Ferment at 53F for 2 weeks and transfer to the secondary and move the temperature to 65F for 4 days rest if diacetyl is detected ( taste ) to let the yeast consume the diacetyl.

Lower to 53F or lower for aging. 6 weeks minimum.

Bottle and carb for 3 to 4 weeks.

Or keg under 10LBS regulated pressure for minimum 7-10 days before drinking.
 
Are you saying the presence of diacetyl affects the clarity of a beer?


No, I'm saying that a diacetyl rest ALSO has the added benefit of helping with clarity......

Like I said........never had a diacetyl problem ever, and I've skipped the rest plenty of times. But I do see a noticeable improvement in clarity when I do a rest.

This is my opinion, but I believe that the act of bringing it up to room temp kind of stimulates the yeast to do a bit of a last lap sprint. Combined with my method of doing the rest by placing the fermenter where I'm going to rack to secondary......allowing it to sit unmoved for 24 hours before racking and thus allowing everything to settle nicely........improves the clarity.

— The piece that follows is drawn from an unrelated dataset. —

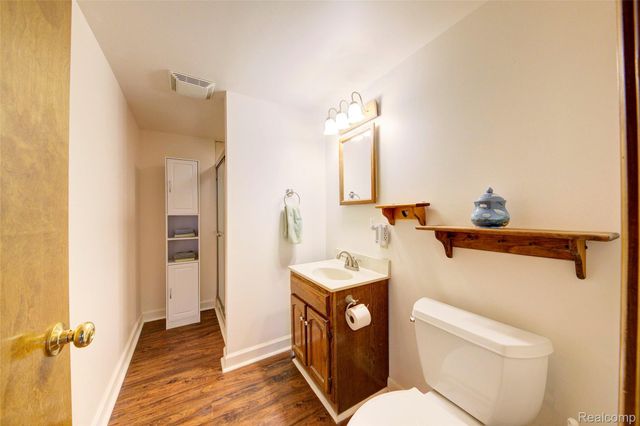 1817 S Pasadena Avenue, York Charter Township, MI 48198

I doubt very much whether the actual presence of diacetyl has any relevance to clarity.
 
You bring up a good point. I've always moved the carboy from the fermentation freezer to it's racking position about 4 hrs before racking to secondary or keg...it definitely helps. When dry hopping, I drop the temp to 50 after fermentation is done, in order to get rid of as much yeast as possible before transferring to secondary to dry hop.
 
thanks for the input so far on the mash guys. I am stuck with the dry yeast for now(No LHBS on an island in middle of pacific ocean). I will pitch it rehydrated into chilled wort two packs per 5 gal. I can use this temp controlled freezer to lager after kegging the beer, but my kegerator has lots of room in it and we pay more for electric than anyplace else in the US. Any reason not to lager at 38- 40 degrees?
 
thanks for the input so far on the mash guys. I am stuck with the dry yeast for now(No LHBS on an island in middle of pacific ocean). I will pitch it rehydrated into chilled wort two packs per 5 gal. I can use this temp controlled freezer to lager after kegging the beer, but my kegerator has lots of room in it and we pay more for electric than anyplace else in the US. Any reason not to lager at 38- 40 degrees?

Nah, should be fine lagering at those temps. Good luck and enjoy!